Genesis, il cinquantesimo di "Nursery Cryme"

Michele Ceparano

In questo 2021 compirà cinquant'anni, essendo uscito nel novembre del 1971, il terzo album in studio dei Genesis. “Nursery cryme”, con cui questa rubrica apre il nuovo anno, però non è “solo” un disco. E', infatti, prima di tutto, un gioco di parole - uno dei tanti a cui Peter Gabriel e soci, facilitati dalla lingua inglese che si presta perfettamente - che allude da una parte alle filastrocche del mondo anglosassone (nursery rhymes) e dall'altra  al crimine del brano d'apertura, la suite “The musical box”. 

Un pezzo monumentale e una favola nera in cui la giovane Cynthia decapita il suo amichetto Henry con una mazza da croquet. Un brano che si snoda tra atmosfere che risentono dell'influenza di Lewis Carroll (l'autore di “Alice nel paese delle meraviglie” è molto amato dalla band inglese) e Oscar Wilde.

E questo, si potrebbe dire, è solo l'inizio di un album che, oltre ai disegni di copertina - una storia nella storia piena di allusioni e riferimenti - di Paul Whitehead, per gli appassionati di progressive e, in particolare, dei Genesis, rappresenta, come scrive Giovanni De Liso nel suo insostituibile “Behind the lines”, “un eccellente manifesto del rock progressivo inglese”.

In realtà, il 1971 sarà un anno d'oro per tutto il prog dal momento che verranno pubblicate alcune pietre miliari di cui questa rubrica quest'anno si occuperà: da “Aqualung” dei Jethro Tull, a “Fragile” degli Yes, da “Pawn Hearts” dei Van der Graaf Generator a “Tarkus” degli Emerson, Lake & Palmer. Del '71, inoltre, è anche “Meddle” dei Pink Floyd. Tutti album leggendari.

“The musical box” è un pezzo impressionante dall'inizio alla fine e particolarmente riuscita dal vivo in “Seconds out” sarà proprio la “closing section”, affidata dalla voce di Phil Collins. Qui alla voce del batterista viene affidato, come capiterà due anni dopo con “More fool me” da “Selling England by  the pound”, il pezzo autunnale e bucolico “For absent friends”, scritto dallo stesso  Collins e da Steve Hackett. Un momento per fermarsi un attimo - come avverrà in “After the ordeal” sempre in “Selling England by the pound”, dopo “The battle of Epping forest” -, quasi tirare il fiato dopo le emozioni e i cambi di ritmo a catena di “The musical box”. Una dolcezza che durerà comunque poco perché l'album riparte vertiginosamente con “The return of the Giant Hogweed”, più un racconto di fantascienza che un brano. Protagonista della canzone, che sconfina in scenari apocalittici, è la panace di Mantegazzi (nome scientifico Heracleum Mantegazziani), una pianta velenosa con cui si presentò davvero un fan della band, a un loro concerto ad Aylesbury.
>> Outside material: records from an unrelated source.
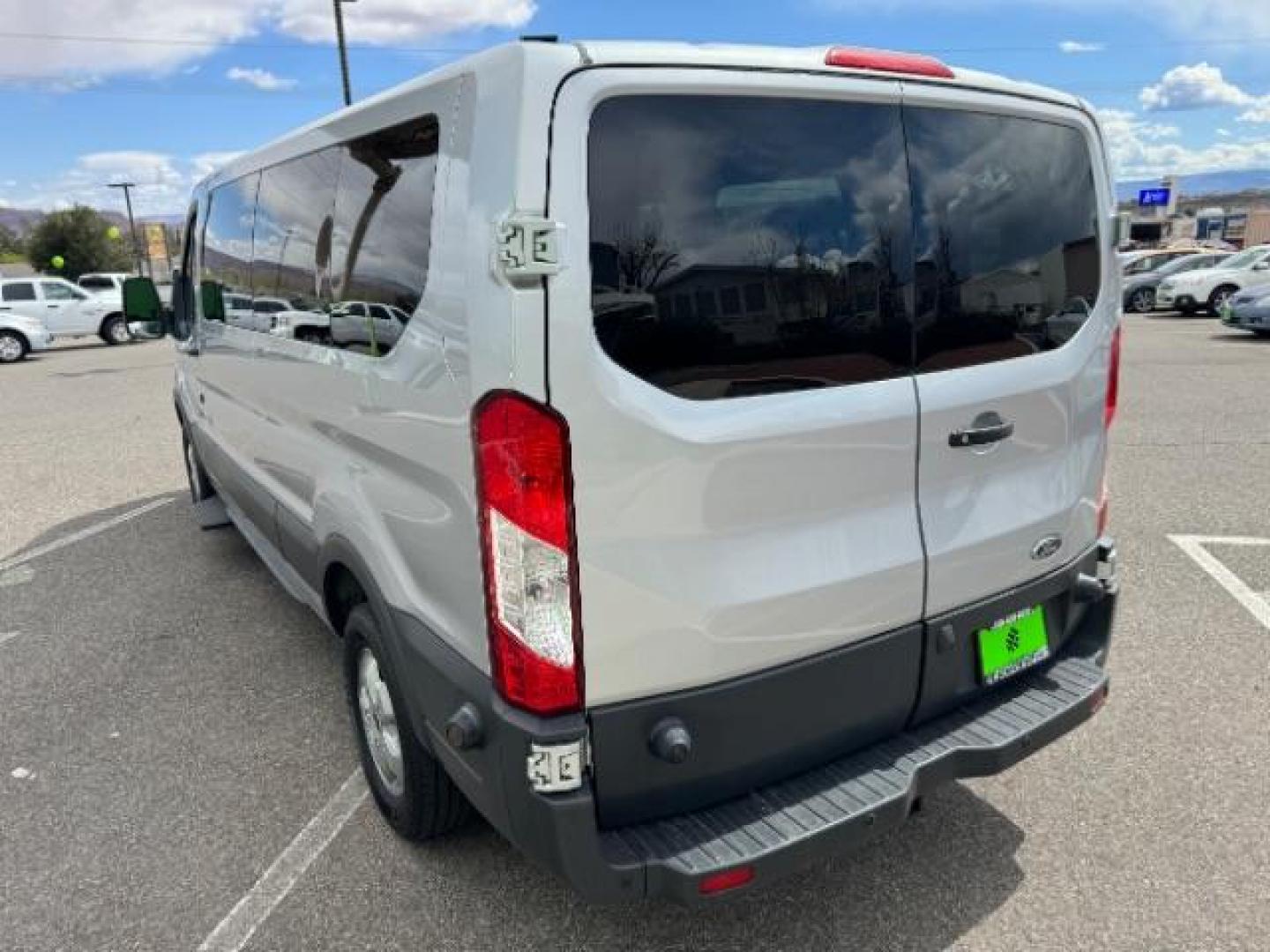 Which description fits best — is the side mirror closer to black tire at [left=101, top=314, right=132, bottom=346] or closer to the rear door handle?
the rear door handle

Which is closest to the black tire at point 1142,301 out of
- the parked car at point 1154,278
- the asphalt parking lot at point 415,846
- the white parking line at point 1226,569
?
the parked car at point 1154,278

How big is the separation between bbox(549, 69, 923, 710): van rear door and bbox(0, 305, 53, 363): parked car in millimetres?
22783

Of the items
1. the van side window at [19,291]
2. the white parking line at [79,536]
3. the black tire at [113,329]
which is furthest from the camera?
the black tire at [113,329]

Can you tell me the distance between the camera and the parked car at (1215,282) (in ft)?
66.7

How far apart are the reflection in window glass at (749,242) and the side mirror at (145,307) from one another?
4471 mm

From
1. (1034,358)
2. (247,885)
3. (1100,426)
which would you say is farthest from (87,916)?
(1100,426)

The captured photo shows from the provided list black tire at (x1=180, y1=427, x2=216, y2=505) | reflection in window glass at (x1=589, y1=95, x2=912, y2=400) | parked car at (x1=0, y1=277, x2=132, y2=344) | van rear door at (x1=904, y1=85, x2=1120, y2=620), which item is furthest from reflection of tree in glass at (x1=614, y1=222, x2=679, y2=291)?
parked car at (x1=0, y1=277, x2=132, y2=344)

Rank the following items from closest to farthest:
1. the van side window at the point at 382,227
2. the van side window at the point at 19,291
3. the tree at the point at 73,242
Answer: the van side window at the point at 382,227
the van side window at the point at 19,291
the tree at the point at 73,242

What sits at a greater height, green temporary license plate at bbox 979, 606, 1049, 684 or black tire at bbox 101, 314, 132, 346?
black tire at bbox 101, 314, 132, 346

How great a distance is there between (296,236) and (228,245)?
1.28 m

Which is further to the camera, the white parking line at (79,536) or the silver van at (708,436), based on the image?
the white parking line at (79,536)

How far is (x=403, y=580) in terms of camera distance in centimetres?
232

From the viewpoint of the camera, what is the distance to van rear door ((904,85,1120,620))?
224 cm

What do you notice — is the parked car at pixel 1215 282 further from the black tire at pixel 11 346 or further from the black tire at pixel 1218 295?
the black tire at pixel 11 346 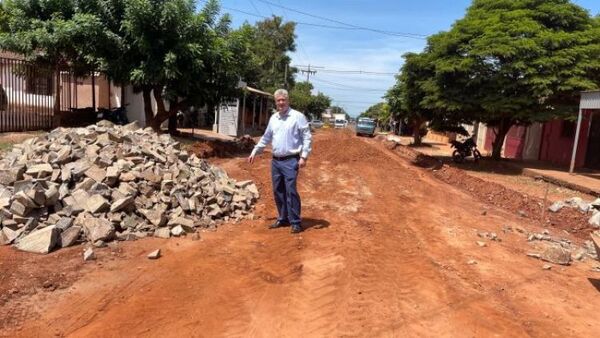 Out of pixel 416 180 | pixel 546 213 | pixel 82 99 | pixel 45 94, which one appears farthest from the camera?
pixel 82 99

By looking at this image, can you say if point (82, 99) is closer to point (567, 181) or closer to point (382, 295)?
point (567, 181)

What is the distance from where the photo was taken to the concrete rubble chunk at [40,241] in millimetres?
5344

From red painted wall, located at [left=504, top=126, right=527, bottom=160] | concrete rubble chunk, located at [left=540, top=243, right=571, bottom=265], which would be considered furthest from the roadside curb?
red painted wall, located at [left=504, top=126, right=527, bottom=160]

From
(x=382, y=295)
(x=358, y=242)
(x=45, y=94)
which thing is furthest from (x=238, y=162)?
(x=382, y=295)

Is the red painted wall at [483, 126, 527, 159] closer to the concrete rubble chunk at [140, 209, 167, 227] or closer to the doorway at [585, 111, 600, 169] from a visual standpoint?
the doorway at [585, 111, 600, 169]

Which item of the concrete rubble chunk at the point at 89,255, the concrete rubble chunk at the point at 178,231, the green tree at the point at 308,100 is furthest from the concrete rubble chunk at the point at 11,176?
the green tree at the point at 308,100

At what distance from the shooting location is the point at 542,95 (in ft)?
50.7

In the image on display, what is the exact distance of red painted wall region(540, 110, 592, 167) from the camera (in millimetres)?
18875

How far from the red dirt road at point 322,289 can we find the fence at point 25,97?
10.5m

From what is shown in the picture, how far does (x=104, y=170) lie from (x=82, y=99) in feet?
60.7

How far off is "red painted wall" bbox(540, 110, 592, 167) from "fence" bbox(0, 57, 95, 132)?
18451mm

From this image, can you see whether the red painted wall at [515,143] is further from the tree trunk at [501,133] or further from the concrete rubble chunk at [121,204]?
the concrete rubble chunk at [121,204]

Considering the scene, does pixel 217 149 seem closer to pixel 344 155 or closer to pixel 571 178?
pixel 344 155

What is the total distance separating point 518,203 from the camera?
1090cm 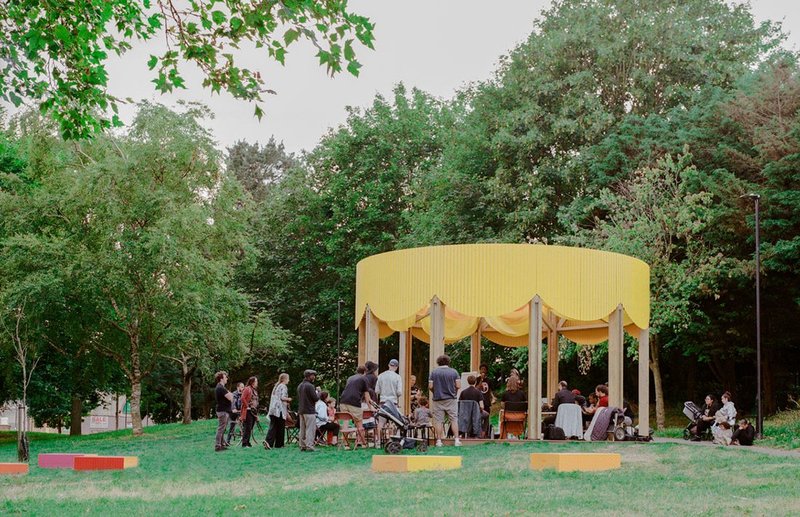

Se il lato A è incredibile, il B non è da meno. In “Seven stones”, racconto a episodi in cui il vecchio protagonista tratteggia la sua concezione della vita, qualcuno ha visto echeggiare “The rime of the ancient mariner” di Coleridge, mentre “Harold the barrel” è un brano in forma di notiziario tv sulla scomparsa di un noto ristoratore di Bognor, città del Sud dell'Inghilterra. Ritmo incalzante e battute fulminanti come quando la madre di Harold, con lui che minaccia di buttarsi nel vuoto, gli dice: “La tua camicia è tutta sporca e qui c'è uno della Bbc”. Sempre De Liso ha descritto la successiva “Harlequin” come “un vero e proprio dipinto in musica” il cui testo “ricorda certi paesaggi riprodotti dagli impressionisti”. “The fountain of salmacis”, invece, è ispirato al personaggio di Ermafrodito,  dalle Metamorfosi di Ovidio. Mitologia fa infatti spesso rima con progressive rock e i Genesis spesso si fanno ispirare dai miti greci e latini. Due esempi sono in “How dare I be so beautiful?” in “Supper's ready”, altro capolavoro del '72, l'album della maturità della band, e “The cinema show” in “Selling England by the pound”, a giudizio di chi scrive il loro lavoro più bello.  "The musical box" e  "The return of the Giant Hogweed" verranno inserite dalla band in "Genesis live", uscito nel luglio del 1973.